Species of gastropod

Ithycythara lanceolata, common name the spear mangelia, is a species of sea snail, a marine gastropod mollusk in the family Mangeliidae.

==Description==
The length of the shell varies between 4 mm and 20 mm.

(Original description) The shell is very long and has a lanceolate shape. It is brownish, more or less tinged with purple, with fine spiral lines of white and of dark brown, which are more conspicuous on the ribs; with a darker and wider brown line along the suture.

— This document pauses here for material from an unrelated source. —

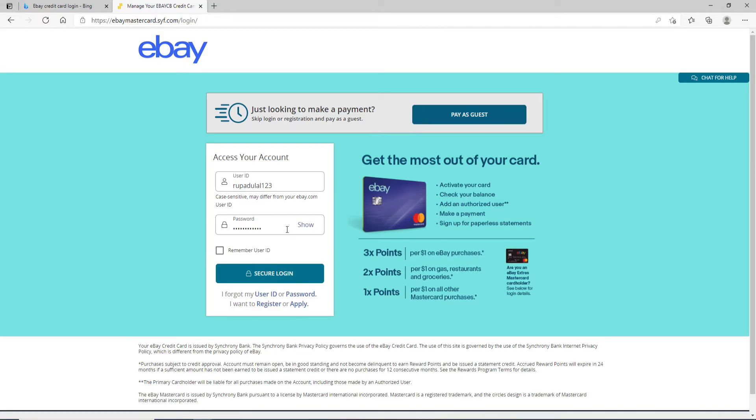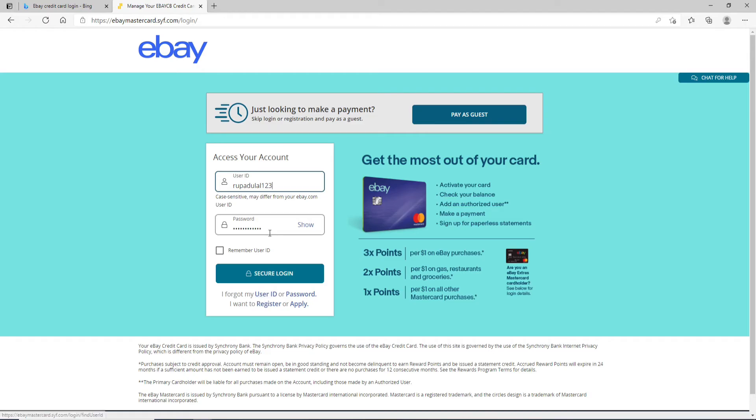In case you've forgotten your user ID, you can click on the link right here that says I Forgot My User ID. Similarly, you can click on the password link in case you've forgotten your password. If you don't have an account yet, you can click on the register link and register yourself to a new account.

The longitudinal sculpture consists of six very prominent acute transverse ribs on each whorl, which are nearly or quite continuous on the successive whorls. There is a spiral elevated line, on the middle of the whorls, which is obsolete in the intercostal spaces and has nodtdous intersections with the ribs. The protoconch is acute. The spire shows rectilinear outlines. The shell contains 8 whorls, scarcely convex, with a lightly impressed suture. The outer lip is finely denticulate within. The sinus is shallow. The siphonal canal is not very short.

==Distribution==
I. lanceolata can be found in Atlantic waters, ranging from the eastern coast of Florida south to Brazil.; in the Caribbean Sea, the Gulf of Mexico and the Lesser Antilles.

==Habitat==
Depth range based on 5 specimens in 1 taxon.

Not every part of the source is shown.